Eating disorders are both a mental health issue and a physical health one. So how do clinicians help manage the complex intersection of those and get patients on the road to recovery?

As part of my ongoing investigation into eating disorder treatment in Vermont, I visited the Kahm Clinic in Burlington to find out.

Kahm Clinic Registered Dietician Elaina Efird always has food behind her desk. Not real food, rubber food. She uses it when eating disorder patients come in to help them show her what they’re eating.

“This is what a normal plate of food looks like, whereas someone with an eating disorder would be like a quarter of that. They’re like that’s plenty of food and I’m like no, no, no,” Efird said.

With the models, she then shows them what a healthy plate should be.

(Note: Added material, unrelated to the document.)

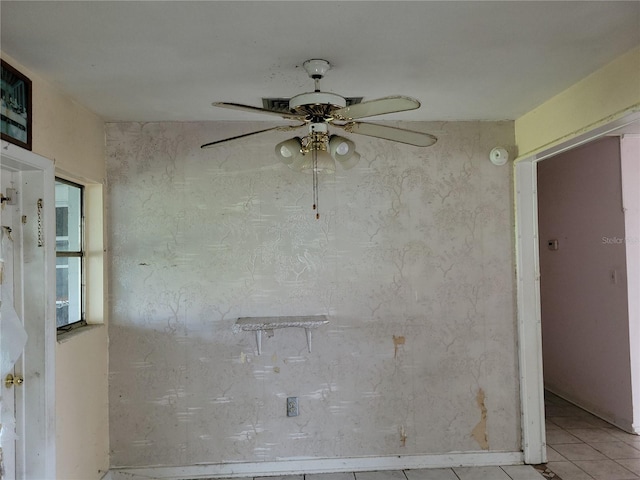 empty room featuring ceiling fan and light tile patterned floors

“With food, I think a lot of people feel they can do it on their own,” Efird said. “That’s actually a big misconception with eating disorders, is that you can do it on your own. And that’s why a lot of people don’t get the actual care that they need, and why their eating disorder lasts or progresses longer than it needs to.”

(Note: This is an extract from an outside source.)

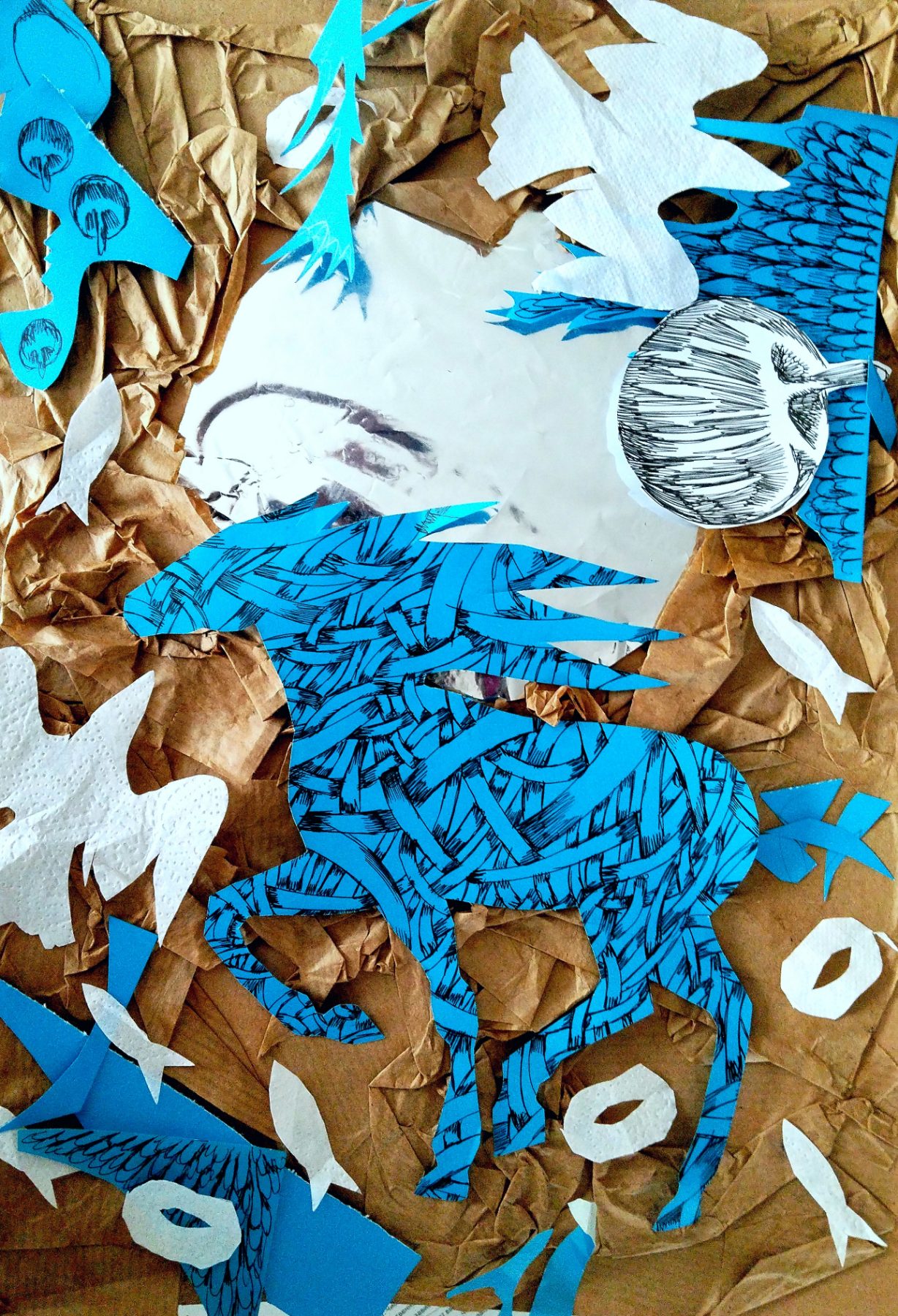 A ground of crumpled brown kraft paper. A large horse or deer, cut from blue paper printed with dense black hatching, stands in the centre; a round hatched head floats at its shoulder against a blue panel of drawn feathers. White napkin birds and small white fish drift across the brown, and a photographed face lies half-buried at the upper left, its mouth just visible.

Coming up with their recovery strategy starts with a body baseline. One of the treatment tools the Kahm Clinic uses is something called metabolic testing. It basically tells the person what their body is doing: how many calories it’s burning while it’s at rest; what type of fuel it is using. That can tell them what an eating disorder does to their body.

Efird showed me how it works.

“This is just going to go over your head,” she said.

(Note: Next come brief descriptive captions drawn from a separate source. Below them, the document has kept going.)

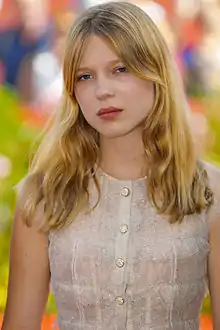 Photographie au format portrait et en couleurs d'une jeune fille blonde sur un tapis rouge.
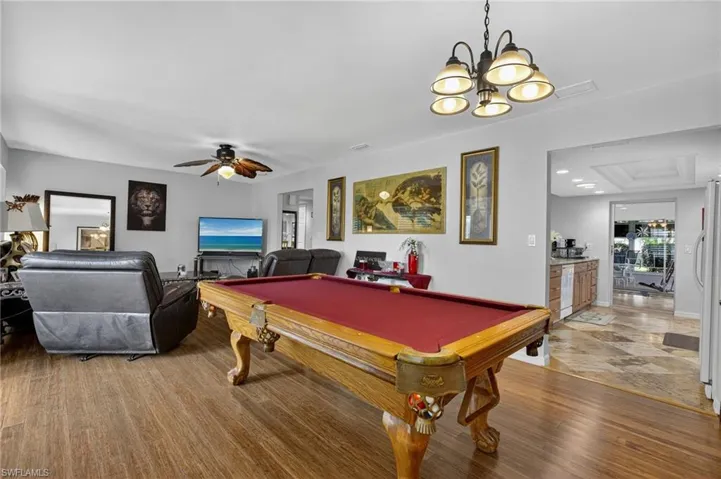 Game room with billiards, ceiling fan, and light wood finished floors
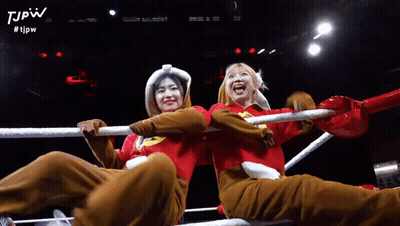 Two Women Are Sitting In A Boxing Ring With The Tjpw Logo On The Bottom GIF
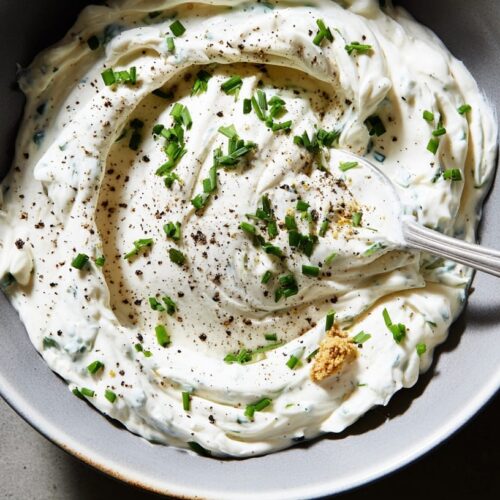 A creamy dip with chives and black pepper in a grey bowl on a stone surface.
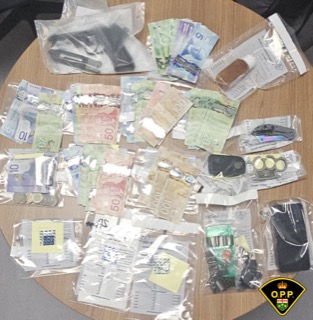 Canadian currency and small baggies on a wooden surface.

It feels like being in a spaceship. Once I’m in, Efird said just relax.

“You’re going to breathe for 20 minutes,” she explained.

By measuring the carbon dioxide I breathe out and the oxygen I take in, the machine shows dieticians what’s going on internally.

In my first report on eating disorders last month, one of the Kahm Clinic’s former patients, Amelia Cassidy, credited her recovery in part to the clinic’s use of metabolic testing because she said the numbers don’t lie.

“I could see the numbers clearly in front of me and Elaina took this no-BS approach where she was just like listen, these are the numbers, I’m not making something up. Because I had spent this whole year basically paranoid that people, my doctors or my parents, were out to make me fat. This fear of being overweight and it turned into this paranoia; it was them against me,” Cassidy said.

Efird says it’s common for people to doubt whether their eating disorder is serious, especially if they’ve been praised for losing weight.

A metabolic test shows them the repercussions on their body of not having enough fuel.

“It really helps with the patient’s buy-in,” Efird said. “A lot of times people come in and they’re like, ‘I don’t think it’s that bad.’ We do the metabolic test and they’re like, ‘Oh, maybe I do need help.’”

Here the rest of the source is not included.